# [YOUR OBJECTIVE]
Beginning at the top of the data below, write out every line exactly until you reach the line with "42raised Keyboard ARM", and include that line.

# [EXERCISE DATA]
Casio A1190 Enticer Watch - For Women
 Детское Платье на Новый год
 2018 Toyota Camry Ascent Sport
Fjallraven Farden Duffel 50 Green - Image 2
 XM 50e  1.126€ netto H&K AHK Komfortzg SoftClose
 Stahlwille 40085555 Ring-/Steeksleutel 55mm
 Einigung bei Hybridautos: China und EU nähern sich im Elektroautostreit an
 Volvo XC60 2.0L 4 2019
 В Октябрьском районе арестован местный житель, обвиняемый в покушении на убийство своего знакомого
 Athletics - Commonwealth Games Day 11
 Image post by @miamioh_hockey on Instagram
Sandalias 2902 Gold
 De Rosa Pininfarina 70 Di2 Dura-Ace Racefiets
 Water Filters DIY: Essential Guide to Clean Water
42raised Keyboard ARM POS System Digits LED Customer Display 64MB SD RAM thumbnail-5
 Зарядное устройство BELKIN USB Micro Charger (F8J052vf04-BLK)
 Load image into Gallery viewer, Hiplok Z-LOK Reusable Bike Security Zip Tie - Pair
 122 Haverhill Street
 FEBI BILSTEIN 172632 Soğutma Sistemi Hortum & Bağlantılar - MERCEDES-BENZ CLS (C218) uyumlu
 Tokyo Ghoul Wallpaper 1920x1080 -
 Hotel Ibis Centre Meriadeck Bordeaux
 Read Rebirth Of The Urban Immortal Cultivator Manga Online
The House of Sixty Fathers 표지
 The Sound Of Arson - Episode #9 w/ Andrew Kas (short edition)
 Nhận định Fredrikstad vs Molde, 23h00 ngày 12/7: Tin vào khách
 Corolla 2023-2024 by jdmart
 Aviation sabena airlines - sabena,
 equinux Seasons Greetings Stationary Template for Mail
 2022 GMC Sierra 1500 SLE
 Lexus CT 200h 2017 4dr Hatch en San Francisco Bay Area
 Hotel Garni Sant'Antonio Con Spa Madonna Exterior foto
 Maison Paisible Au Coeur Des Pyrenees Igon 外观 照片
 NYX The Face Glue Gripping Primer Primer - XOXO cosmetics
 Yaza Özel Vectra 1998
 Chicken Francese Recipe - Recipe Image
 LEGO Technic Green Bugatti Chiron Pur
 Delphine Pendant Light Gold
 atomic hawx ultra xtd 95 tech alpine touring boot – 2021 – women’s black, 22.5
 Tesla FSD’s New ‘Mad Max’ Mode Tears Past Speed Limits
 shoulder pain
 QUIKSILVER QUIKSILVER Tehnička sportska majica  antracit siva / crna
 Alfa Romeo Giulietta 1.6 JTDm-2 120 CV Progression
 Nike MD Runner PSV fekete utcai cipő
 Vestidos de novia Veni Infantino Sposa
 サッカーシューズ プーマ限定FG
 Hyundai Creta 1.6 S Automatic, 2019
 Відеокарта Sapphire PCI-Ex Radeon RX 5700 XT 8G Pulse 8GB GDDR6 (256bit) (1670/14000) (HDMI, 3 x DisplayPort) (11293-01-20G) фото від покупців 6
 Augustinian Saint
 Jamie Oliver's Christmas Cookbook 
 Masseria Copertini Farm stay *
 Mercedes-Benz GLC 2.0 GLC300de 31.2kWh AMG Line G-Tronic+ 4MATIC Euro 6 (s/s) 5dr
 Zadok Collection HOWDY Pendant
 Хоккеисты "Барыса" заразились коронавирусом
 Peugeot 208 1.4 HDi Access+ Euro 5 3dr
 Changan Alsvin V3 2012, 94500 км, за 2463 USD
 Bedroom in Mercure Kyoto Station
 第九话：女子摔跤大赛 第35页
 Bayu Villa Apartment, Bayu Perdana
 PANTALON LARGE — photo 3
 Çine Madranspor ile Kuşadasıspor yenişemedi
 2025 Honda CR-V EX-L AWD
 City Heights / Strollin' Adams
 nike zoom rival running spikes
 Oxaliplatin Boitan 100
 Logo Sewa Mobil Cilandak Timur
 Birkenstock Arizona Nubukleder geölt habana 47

# [SOLUTION FOR THIS PROBLEM]
Casio A1190 Enticer Watch - For Women
 Детское Платье на Новый год
 2018 Toyota Camry Ascent Sport
Fjallraven Farden Duffel 50 Green - Image 2
 XM 50e  1.126€ netto H&K AHK Komfortzg SoftClose
 Stahlwille 40085555 Ring-/Steeksleutel 55mm
 Einigung bei Hybridautos: China und EU nähern sich im Elektroautostreit an
 Volvo XC60 2.0L 4 2019
 В Октябрьском районе арестован местный житель, обвиняемый в покушении на убийство своего знакомого
 Athletics - Commonwealth Games Day 11
 Image post by @miamioh_hockey on Instagram
Sandalias 2902 Gold
 De Rosa Pininfarina 70 Di2 Dura-Ace Racefiets
 Water Filters DIY: Essential Guide to Clean Water
42raised Keyboard ARM POS System Digits LED Customer Display 64MB SD RAM thumbnail-5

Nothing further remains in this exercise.